2. What if the same thing happens to our lockers only with our stuff in them?
3. How would all this help lighten Carol’s mood about our stay here?
( I was pretty sure I already knew the answer to that last one.)
A locker attendant was available via intercom. She merely reconfigured our rental to another locker, without offering any explanation as to how we were able to somehow open a locker already rented to someone else, and with their stuff still in it.
We then spent the better part of the rest of the morning speculating how what had just happened to this other dude could just as easily happen to us. Needless to say, Carol kept a close eye on our luggage locator tags to make sure they weren’t on their way to Romania at some point in the day. Were we on the verge of stumbling into a remake of The Out of Towners?
But the apartment was a clean, well-lighted place.

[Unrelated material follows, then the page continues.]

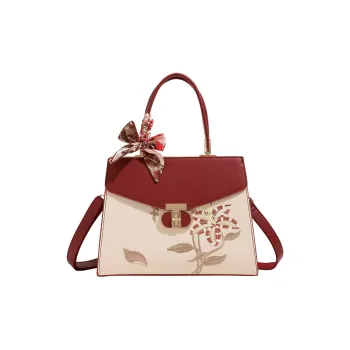 H YXIANG Cow Leather Handbag Women's Multicolor
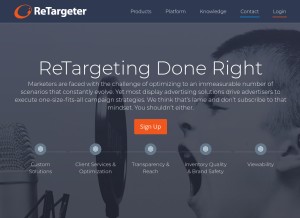 How retargeter.com looks like on a tablet such as an iPad.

We did catch a break when our agent texted later that we could check into the apartment at 1:30 p.m. and we were further heartened when we were able to easily recover our luggage without involving the Romanian Consulate. And when all the shops around our apartment had opened, removing their graffiti-covered security doors, and the neighborhood came alive with the passing by of shoppers and babies in strollers, plus the realization that we were two minutes from a metro stop, seven from the train station and less than ten from a series of rooftop restaurants collectively known as Arenas de Barcelona, Carol could affirm, “ We’re back to going to Hell again.”
Life is like a box of chocolates for us.